Sam si alzò e rientrò sentendosi stavolta autorizzato a leggere tutto quello che poteva su casa Brannon. Andò alla scrivania e riprese in mano gli appunti che aveva precipitosamente messo giù quella mattina. Ritornò alla sua postazione vicino alla finestra e fu lì che Bobby lo trovò rientrando in casa dopo una manciata di minuti.
“Wow, Sam, non credevo che questo caso avrebbe attirato così tanto la tua attenzione”
“Secondo me non dovresti mollarlo, è davvero interessante, senza contare che Margareth contava su di te”
“Le ho spiegato la situazione e ha capito”
“Se andassimo a Deadwood a dare un’occhiata?”
“Niente da fare, ragazzo. In questo momento la mia priorità è non perderti di vista, l’ho promesso a tuo padre”
“Ma non mi perderesti di vista, saremmo insieme”
“Bel tentativo, ma non credo che, quando ti ha lasciato qui, John intendesse lasciarti poi libero di scorrazzare nelle vicinanze di una casa potenzialmente infestata, anche se in mia compagnia. Non si scherza con gli spiriti, dovresti saperlo”
“Appunto! Margareth ha bisogno di aiuto e di certo sarebbe più contenta se ti occupassi tu della questione, no?”
“Gli ho mandato una persona fidata, va bene così”
“Ma…”
“Discorso chiuso, non ci muoviamo da qui e comunque da quando in qua smani per andare a caccia?”
“Non smanio per andare a caccia, ma non è giusto che tu sia bloccato qui perché mio padre ha deciso così”
“Ragazzino, tu e tuo padre vi assomigliate più di quanto pensate. Non sei interessato a casa Brannon perché ti dispiace per me, ma solo perché sei ancora arrabbiato con John e faresti qualsiasi cosa per andargli contro. La mia risposta è no, Sam, niente gita a Deadwood”
Sam abbassò lo sguardo e incassò il secondo rifiuto in pochi giorni. Anche Bobby evidentemente non lo riteneva all’altezza e si sentì davvero frustrato.
“Che ne dici di pensare alla cena adesso? Ho fame”
“Come vuoi”
“Vai a sbucciare le patate, ti raggiungo subito”
Non appena il ragazzo si allontanò seguito dal cane di casa, il cacciatore raccolse alla buona tutto quello che aveva accumulato su casa Brannon e lo infilò in un cassetto della scrivania.

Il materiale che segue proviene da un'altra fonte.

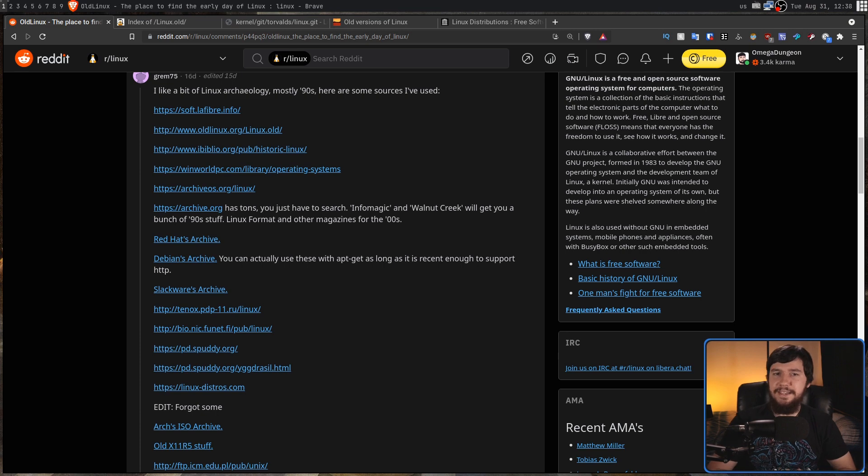And all of that laid the groundwork for the operating system we have today. You can do basically anything you want to do on a computer on a Linux system. If you want to have a very easy distribution, maybe you use something like Ubuntu, Pop! OS, Mint. If you want something that gives you a bit more freedom, maybe you use something like Arch, Void, or Gentoo.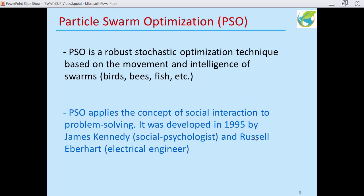Now let's go to Particle Swarm Optimization, or PSO, and talk about the concept a little bit. PSO is a robust stochastic optimization technique based on the movement and intelligence of swarms like birds, bees, fish, etc. PSO applies the concept of social integration to problem solving.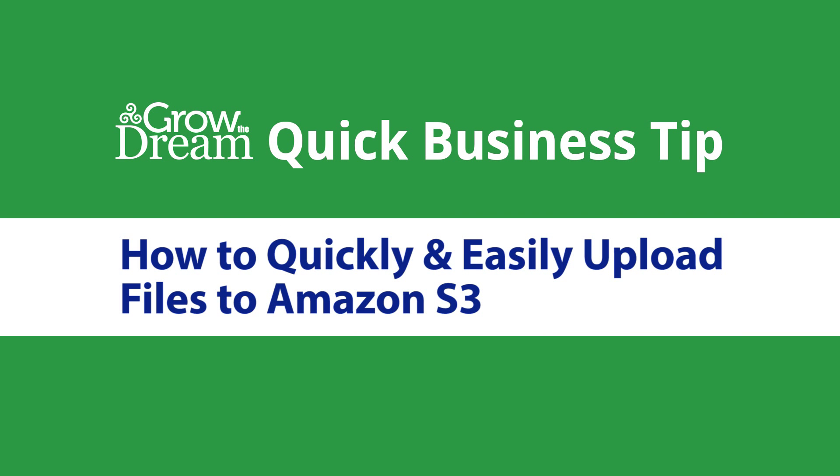We've been working with several podcasting clients lately, and one of the problems you run into with a podcast is that your files, whether audio or video, end up being large and you want to store them somewhere other than your web hosting account. Your web hosting account has limited space and bandwidth. More importantly, even if you had unlimited bandwidth and space, it doesn't have the ability to handle a large spike in traffic.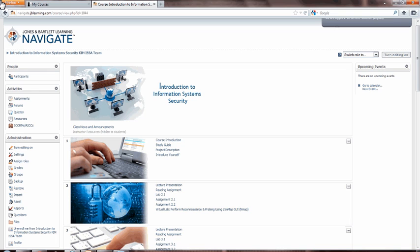Hello there. I'm excited to introduce you to one of the exciting and unique new aspects of this Jones & Bartlett Learning Information Systems Security and Assurance Curriculum, the Virtual Security Cloud Lab Environment.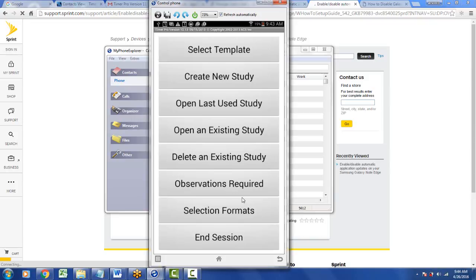And now we will be back to version 11 of the program where the top will be Select Template and End Session, and then you can continue working with the previous version 11.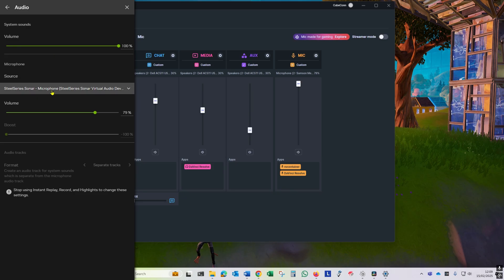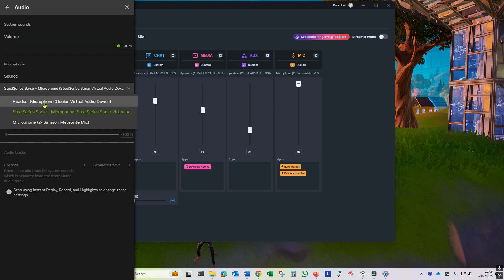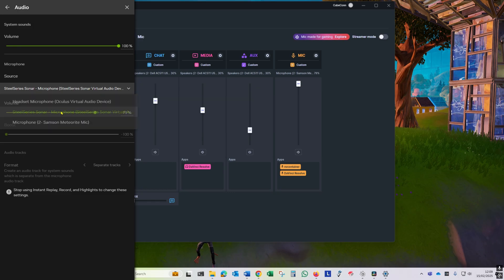You can change the source of the microphone though. You can see here you need this set to the SteelSeries Sonar microphone if it's not.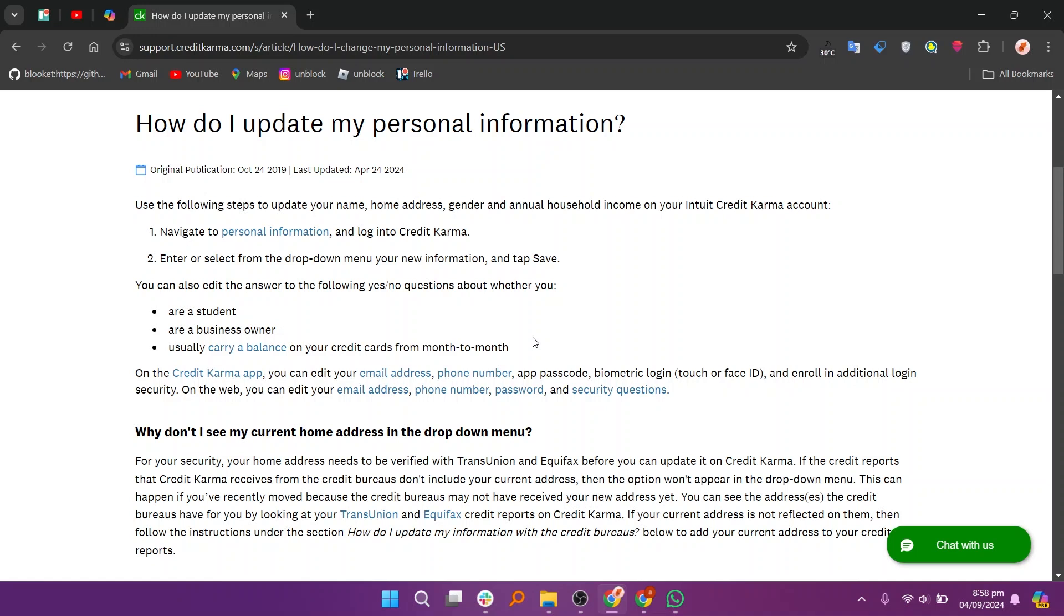This can happen if you've recently moved because the credit bureaus may not have received your new address yet. You can see the addresses the credit bureaus have for you by looking at your TransUnion and Equifax credit reports on Credit Karma. If your current address is not reflected on them, then follow the instructions under this section. I hope you learned something new today. Don't forget to like and subscribe for more content!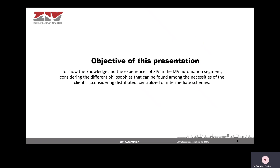The objective of this presentation is to show the knowledge and experiences of ZAB in the medium voltage automation segment. We will see different philosophies considering different schemes.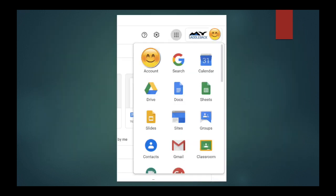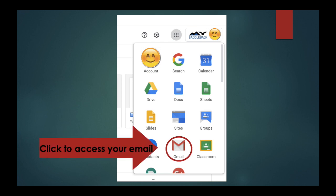On that dropdown you will see an icon for Gmail. Click the Gmail button and that will open your email.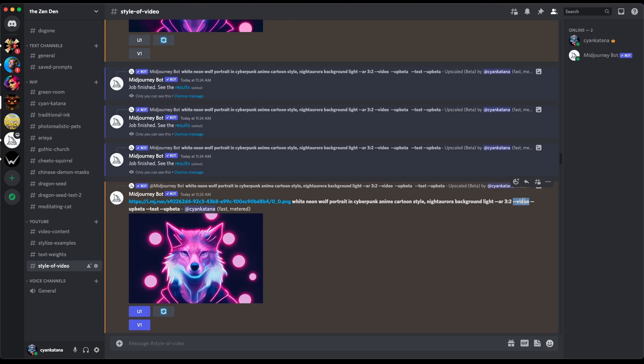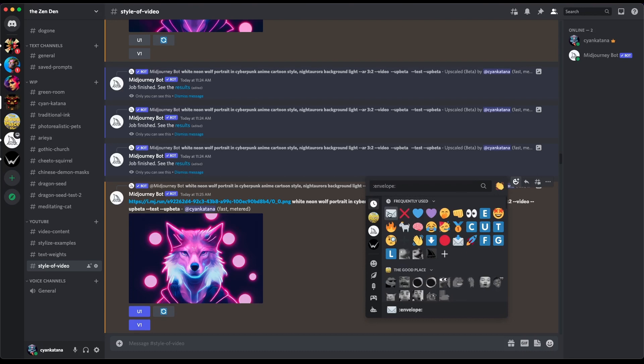If you don't include this when writing your prompt initially, you won't be able to export a progress video. Once you've obtained your final image result, like I have over here, you simply need to react to this post with the envelope emoji. So you go to add reaction and react with this envelope emoji.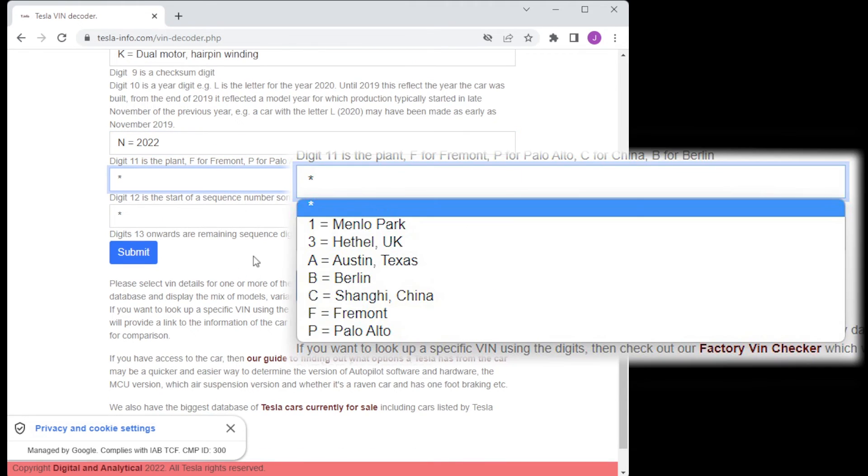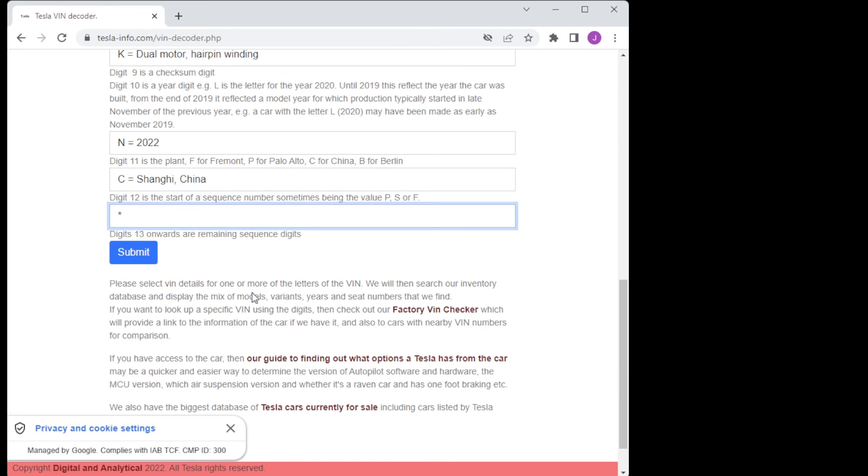The eleventh digit is actually the accurate way to determine the factory, not the first three characters.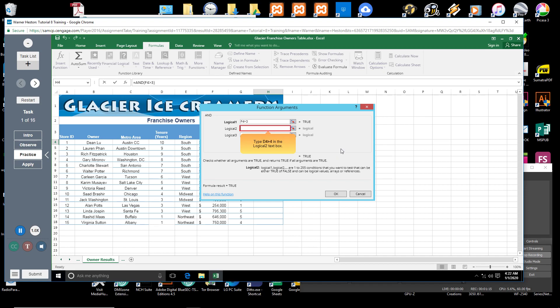Type D4 > 4. The second condition tests whether the franchise owner's tenure value in cell D4 is greater than 4 years. Excel returns a value of TRUE for this condition as well.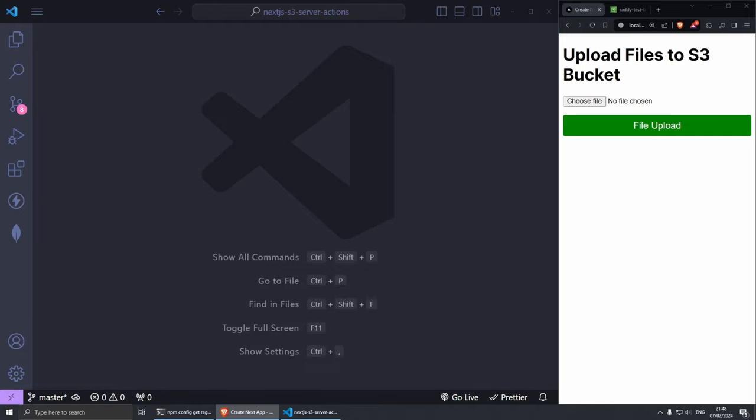Hey welcome everybody and let's get started. This is going to be a super quick add-on to the previous tutorial that I've done on AWS S3 file upload using server actions. In this tutorial I want to show you how we can do multiple files at once instead of just one.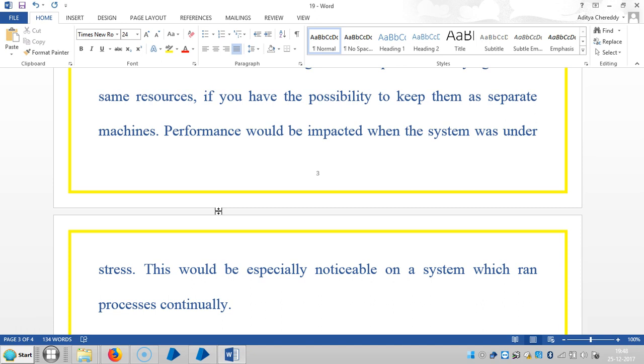Please stay with us for more information on real-time issues and interview questions in BluePrism RPA. Thank you.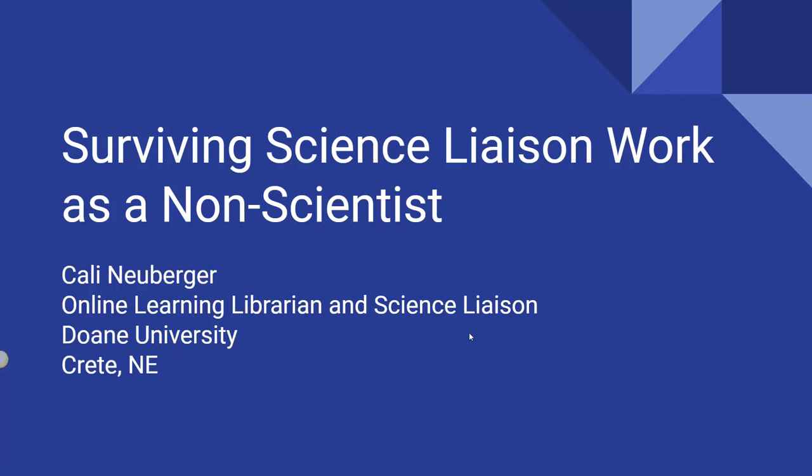Next up on our lightning rounds is Callie Neuberger from Crete, Nebraska, where Doan University is located. Their FTE is 3,470, and she's going to talk about surviving science liaison work as a non-scientist.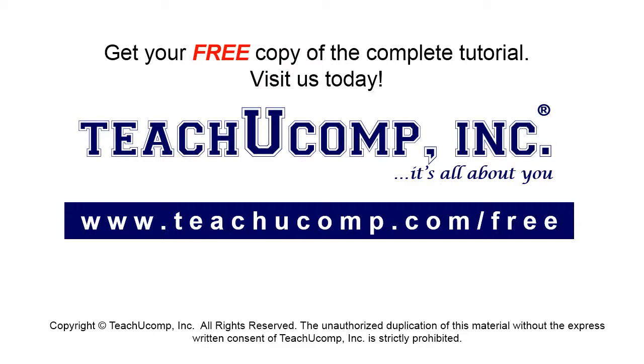Get your free copy of the complete tutorial at www.teachucomp.com forward slash free.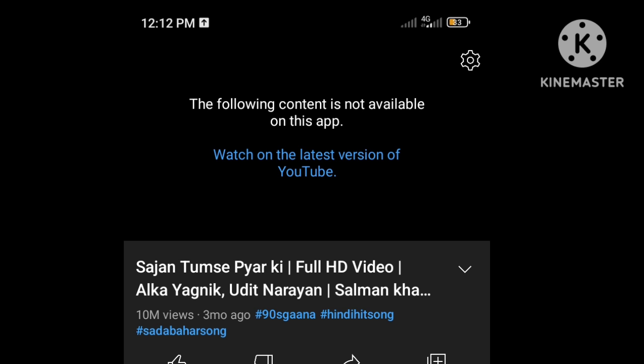If it is not working properly or it is giving a message that the following content is not available on this app. So if you're facing this problem on your YouTube Advanced app and you are unable to use the app in your device, watch this video till the end.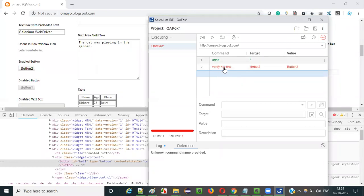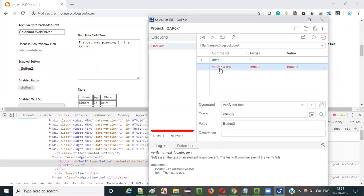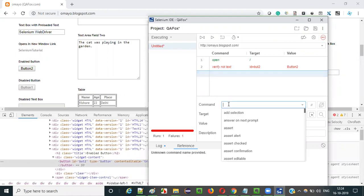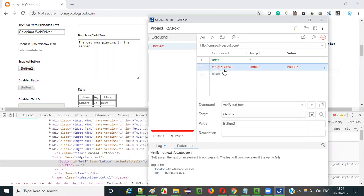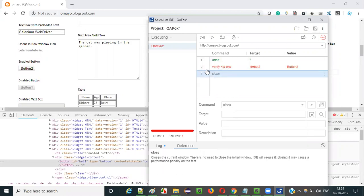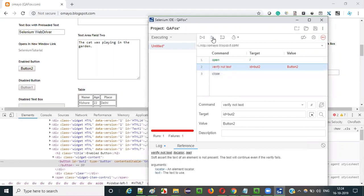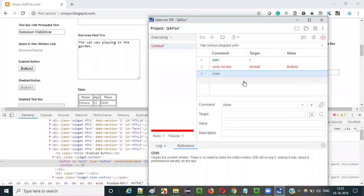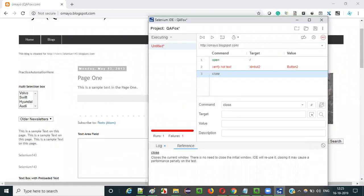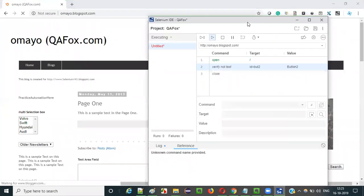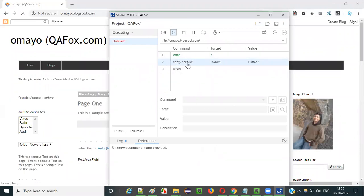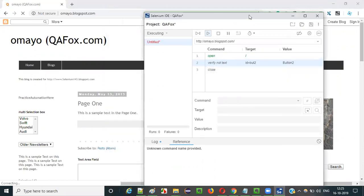Now, even after the failure, since verify not text is a soft assertion type, it will continue execution. To confirm that, I am giving a close command after this verify not text command — a close command in the third step following the failed second step. If I run it again, the second step will fail but execution will not stop. The close command will be executed. As you can see, let me close everything and run it again. It failed the verify not text and still after failure, the step following verify not text is continued.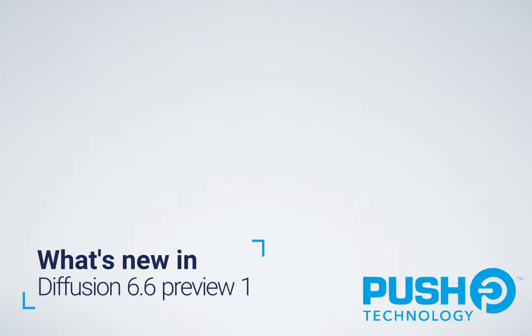Here's what's new in Diffusion 6.6 Preview 1. Regularly delivered preview releases provide early access to features that will be included in the following full release. They are fully supported and production ready. This brief video is ideal for developers and solution architects alike, and we're going to use real foreign exchange data to make it more relatable.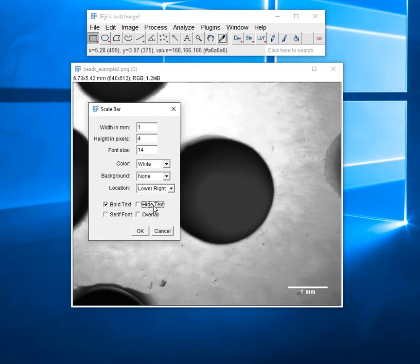So I just don't even put the text in the scale bar, right? Just remove it, and that way it's only the scale. What we do with the text is then in the figure legend below the picture, you just say scale bar equals one millimeter, and then everybody knows.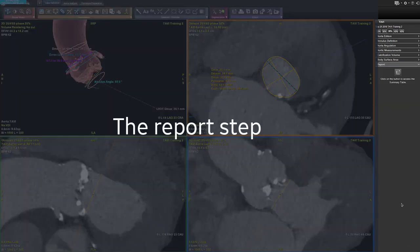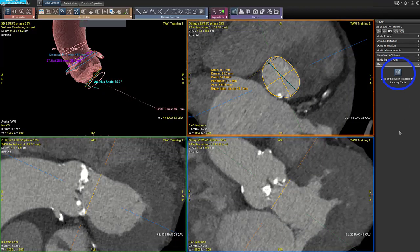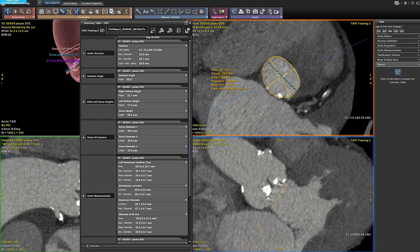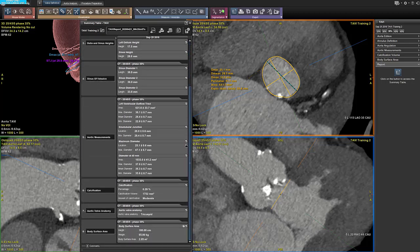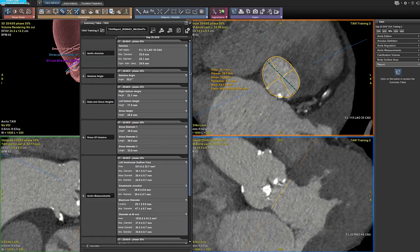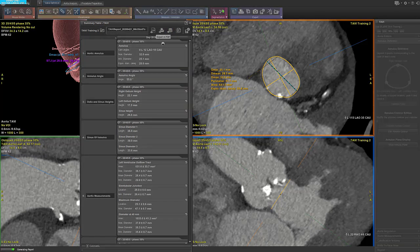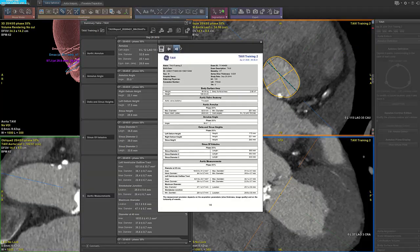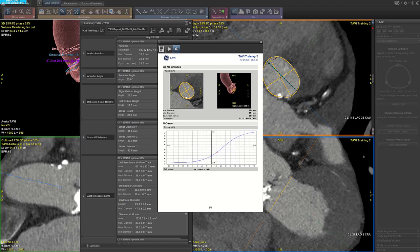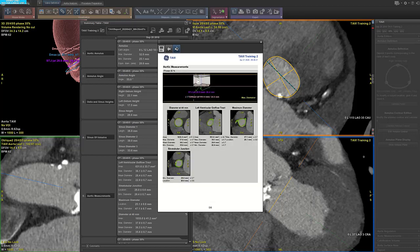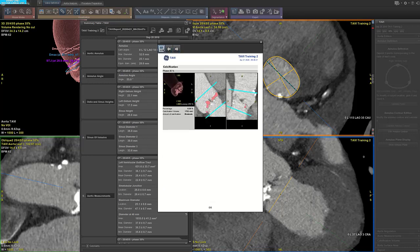We can move on to the report step. You can click on the icon to open the summary table. All the measurements are gathered in the summary table. You can create a report in PDF to the viewer or export to database. You get a report of several pages in PDF. You will retrieve all the measurements that were performed, as well as images. You can save and send the report if needed.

Gli era dispiaciuto essere così perentorio con Sam, ma non poteva né andare contro il volere del suo amico, né alimentare la voglia di rivalsa dell’adolescente.
Cenarono quasi in silenzio e verso le dieci e mezza il giovane Winchester affermò di essere stanco e che sarebbe andato a letto.
“Che palle”- esclamò il cacciatore vedendolo scomparire al piano di sopra, poi si prese una birra e si mise davanti alla tv.